FERRYVILLE — Turning off Highway 27 in Crawford County, the road became narrower and narrower as attendees to a recent pasture walk, hosted by Great River Graziers and Kickapoo Grazing Initiative, approached Fenn’s Folly — 40 acres of woods and pasture owned by the ambitious Amy Fenn.
For the past three years, Fenn has been tackling a large silvopasture project, and with the help of several locals, has begun clearing trees, installing a perimeter fence and considering which seed to plant under the canopy once it’s ready.
Fenn had worked at a Madison library for years before buying the land near Ferryville, with plans to turn the property’s hayfields and unmanaged woods into savanna and silvopasture, a management system that incorporates trees and pasture for food and shelter for livestock. She already has four sheep on the property and a guardian dog for them, but also has ideas to add goats and cattle and a few more guardian dogs to watch over her animals as they graze the hills of Crawford County.
About 20 people attended the third pasture walk held at Fenn’s Folly on Aug. 13, where topics included updates on her silvopasture project and a specially selected 8–wire perimeter fence to suit her grazing needs. Randy Mell, a former forester and current Natural Resources Educator with UW-Extension, and Diane Mayfield, a graduate student with a silvopasture focus for her research, were special guests to the pasture walk, sharing their expertise with those who attended.
Fenn shared how over the past three years, she has been thinning out woods in preparation for an oak–hickory savanna with grass growing under the canopy for a grazing operation. Her sheep have been eating a lot of the burdock but she had questions on what else they would eat if let loose in the woods. She has also been removing trees to allow more sunlight to hit the ground in her woods, with Mell suggesting to the group when considering which trees to cut in a silvopasture scenario, leave well structured, larger diameter trees like oaks, hickories and cherries and cut others such as ash, elm, birch and aspen.
“Work with what you have,” Mell said. “If you really want shade, find trees that have already been placed by nature that are suitable for the site.”
He also recommended watching how the sun moves through the woods on a sunny day to see which trees may be good to keep for her silvopasture.
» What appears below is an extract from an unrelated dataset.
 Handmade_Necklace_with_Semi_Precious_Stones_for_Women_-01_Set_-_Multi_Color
Where the woods are located — whether east, west, south or north facing — may help determine which areas are better for silvopasture.
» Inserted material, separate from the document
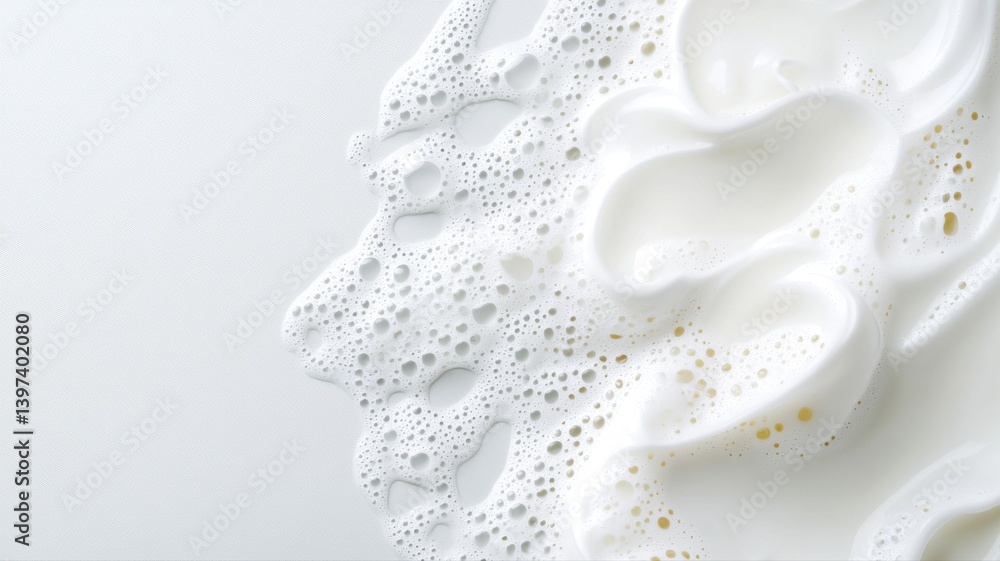 Poster close-up of creamy white foam with bubbles creating an abstract texture, flowing on a smooth surface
Fenn was also eager to show attendees her newly erected 8–wire perimeter fence, meant to keep future livestock and guardian dogs in the pasture. Fenn said she removed about 15 strands of rusty, old barbed wire fencing before she and two others began installing the special tinsel fencing. Although it may have been expensive to install, it will be very low maintenance and last a long time, Mell said.
Cynthia Olmstead, Kickapoo Grazing Initiative project coordinator, explained how the Natural Resource Conservation Service’s Environmental Quality Incentives Program is the number one program that helps fund grazing initiatives in Crawford County, and Fenn is no exception. She has used EQIP several times, most recently receiving grant funding through the program to add seed to her pasture once it’s completed.
Fenn has also used resources from the U.S. Fish and Wildlife Service; she has found that their programs are most helpful with her silvopasture project, as compared to programs with other organizations such as the Department of Natural Resources, whose programs aim more to keep animals off land rather than on.
Four pasture walks remain on this year’s schedule for the Great River Graziers and Kickapoo Grazing Initiative. The next pasture walk will be Aug. 27 at Eric Hammell’s farm, 18612 Halls Branch Road, Gays Mills, and will focus on the challenges and successes in using brush management techniques in pastures to improve forage quality and accessibility to cattle.